“I’m sorry I signed a prenup: now that I’m getting a divorce it doesn’t seem fair to me. What can I do about it now?”
The first place to attack any prenup is at the roots. There are several circumstances under which a prenup was signed that may render the entire contract unenforceable. For example, if the document was signed while under duress, or signed in response to active coercion from a party pushing the agreement, the whole prenup may be tossed out. Similarly, a court may declare the prenup completely unenforceable if its proponent failed to fairly disclose their financial condition at the time it was presented, or if the other party was not given adequate time to have the prenup reviewed by an attorney before signing.
If the facts of a particular case do not support a finding that the agreement is unenforceable, the next step is to challenge specific provisions within the prenup and ask that they be set aside and removed from consideration by the court.

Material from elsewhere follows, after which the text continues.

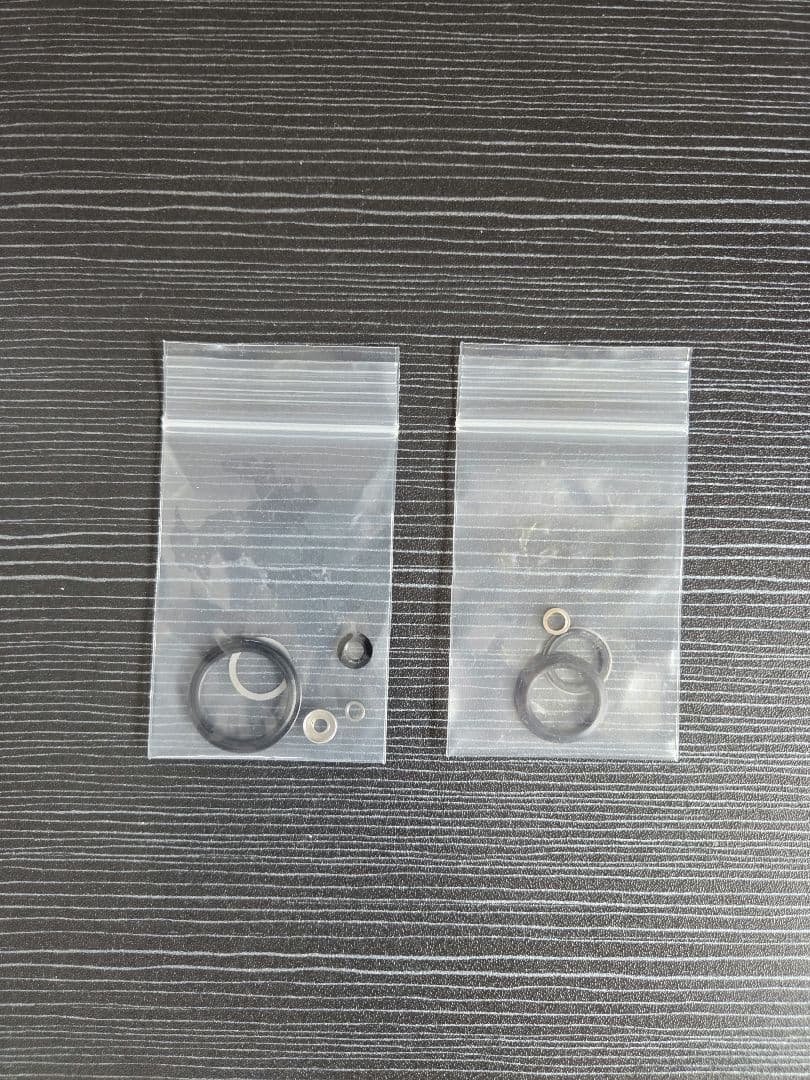 ダイワ イグジスト LT2000S-P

Unexpected changes occurring between the time of signature and the divorce can make certain clauses so manifestly unjust, that a Judge will refuse enforcement on the basis that they are, “unconscionable.” Many prenups address the issues of child custody, support, and visitation time. However, divorce courts are charged with protecting a child’s best interests. This duty takes precedence over the private agreements between parties found in prenups, making practically any provision that governs those rights related to the minor children unenforceable. Finally, the terms of a prenup are often greatly interdependent. To set aside of even one central component can render the rest of the agreement unconscionable or simply inoperable, effectively removing it from any consideration throughout the proceedings.
A prenup is not always the final word on contested matters in a divorce. However, before signing a prenuptial agreement, one’s first thought should always be, “Buyer Beware”.